Avez-vous lu le livre de Jean d’Ormesson :
« Je dirai malgré tout que cette vie fut belle »,
Le titre-citation de Louis Aragon,
Dans lequel « malgré tout », je l’avoue, m’interpelle ?
A-t-il envisagé qu’une autre soit meilleure ?
La nôtre étant, hélas, bien moins extase que torture,
À un destin aveugle elle nous livre en pâture,
On compte sur ses doigts les années de bonheur.
Non, la vie est bien loin d’être une sinécure,
Et nul ne la traverse sans regret, ni sans peur.
On creuse des fossés, on érige des murs,
Rêvant de liberté on veut se faire la belle*,
Car ainsi va la vie : Fluctuat … et mergitur**.
La vie n’est qu’un brouillon encombré de ratures,
On l’aimait pour toujours, elle nous quitte la Belle.
On crie, mais Dieu, s’il est là -haut, reste sourd à l’appel.
Il valait mieux compter sur d’autres nourritures.
C’est bien ce que tu fis, toi, Comte d’Ormesson.

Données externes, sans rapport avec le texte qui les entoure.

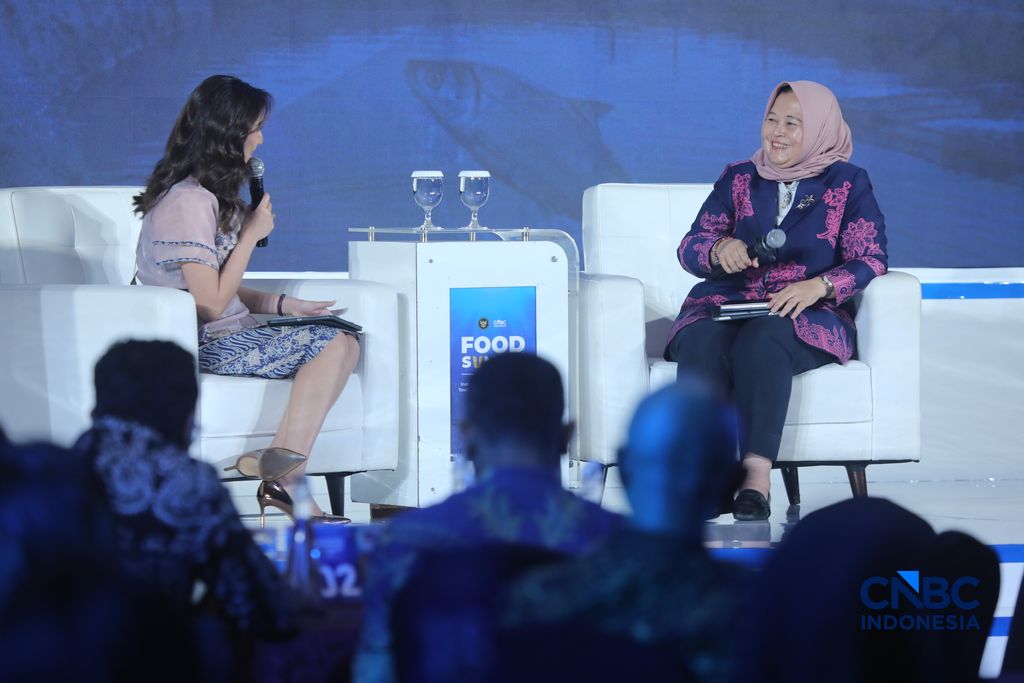 Deputi Bidang Koordinasi Ketenagakerjaan dan Kemanan Pangan, Nani Hendiarti memberi pemaparan dalam aktivitas CNBC Indonesia Food Summit 2026, di Menara Bank Mega, Jakarta, Senin, 27/4. (CNBC Indonesia/Tri Susilo)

Je dirai que tu eus parfaitement raison.
Tu fis ce métier rare, qui frise l’imposture,
Que nourrit le talent de combiner les mots.
Servant la noble cause de la littérature,
Invité d’Apostrophe et de Bernard Pivot,
Tu endossas l’habit de l’académicien,
Et toujours refusas de revêtir l’armure.
La culture est plaisir, chacun trouve le sien.
Tes pires ennemis, sont la pose et l’enflure.
Être dans la Pléiade vaut bien un prix Nobel,
Tu ne voulais, en rien, bouder cette faveur,
Un jour d’être imprimé, sur du papier-missel.
De l’émerveillement tu fus le grand auteur,
Mais tu restes rempli d’humilité, Jean d’O,
Si le monde est tragique, pourtant tu sais sourire,
Si ton chant n’est désespéré, beaux sont tes mots.
À quatre-vingt-dix ans, tu n’auras pu tout dire,
Dans tes romans, et tes chroniques, au Figaro.
Tu ne sus, seulement, plaider pour ta chapelle,
Et épousas les thèses de nombreux adversaires.
Ce que tu veux savoir, tu ne sais toujours pas :
Ce qu’il advient de nous quand on quitte la terre,
Si proche qu’elle soit, l’heure de ton trépas.
Tu écrivis des livres qui n’ont changé les gens,
Ni ton amour pour celle qui s’appelait Marie,
Que tu voulus garder, toute ta vie durant,
Je dirai qu’avec elle, cette vie fut belle.
Dumnac
*.S’évader
**Et non « Fluctuat nec mergitur » : Il est battu par les flots mais ne coule pas.